I considered making that a question, but let’s be honest. Macs have never been invulnerable to penetration; they’ve just been underserved.
When my parents finally decided it was time to get a computer, I recommended a Mac. One of the many reasons was that malware for Macs was, and still is, comparatively speaking, uncommon. However, it has been on the rise for the last decade, mostly in the last four years.
I can’t see any reason to debate that. Yes, it’s been overcovered, and yes, bloggers and media tend to sensationalize things.
Common is the key word. Baddies target large installed bases, i.e. Windows. As Mac has grown in popularity, thanks to the bevy of iOS devices, it has provided a larger addressable “customer” base.
Macs now make up 7% of the overall market, which sounds small, until you realize the market size is hundreds of millions.

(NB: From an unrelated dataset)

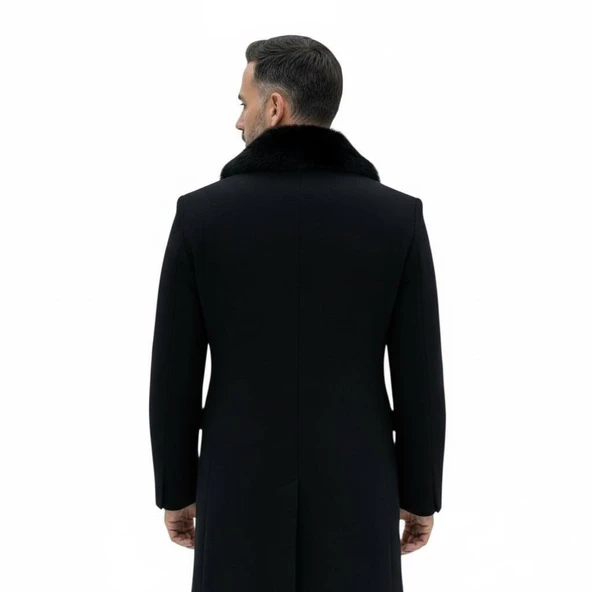 Plus Scorpion Erkek Uzun Kaşe Kaban – Çıkartılabilir Kürk Yaka, Astarlı ve Cepli Slim Fit Mont (Bej, Gri, Siyah, Taba) - Resim 4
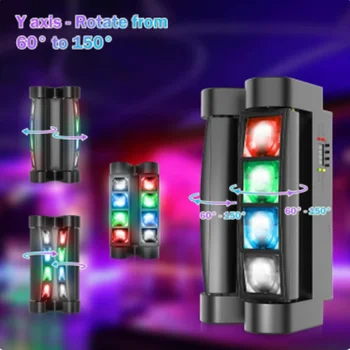 Движущаяся Головка LED 8 × 10 Вт RGBW Сценические Огни LED Spider Beam DJ Освещение Применение Дискотека Свадьба Фестиваль Представление Клубное Освещение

This is bad news for the average Mac user, but it doesn’t mean run for the hills.
It means a) if you use a Mac and are worried, get antivirus and more importantly, inform yourself and be vigilant and careful and b) Apple will eventually have to address malware as part of the OS, just as Microsoft had to do.
The irritating bit here is that this debate brings out two of my least favorite internet archetypes: the fanbois and the ivory tower geeks.
Fanbois are inherently impossible to reason with, so any negative coverage brings them out in droves. This term is usually reserved for Apple fanatics, but it applies equally to their counterparts who evangelize for other camps.
The ivory tower geeks insist that the root of all technical problems is PEBKAC. They would gladly swing the ban hammer and revoke your interwebs permanently if they could. Many insist they can.
The unfortunate problem here is that success means attracting users who are not like you, but being popular also attracts baddies who want to exploit them.
Linux continues to be an attractive option if you want to avoid baddies.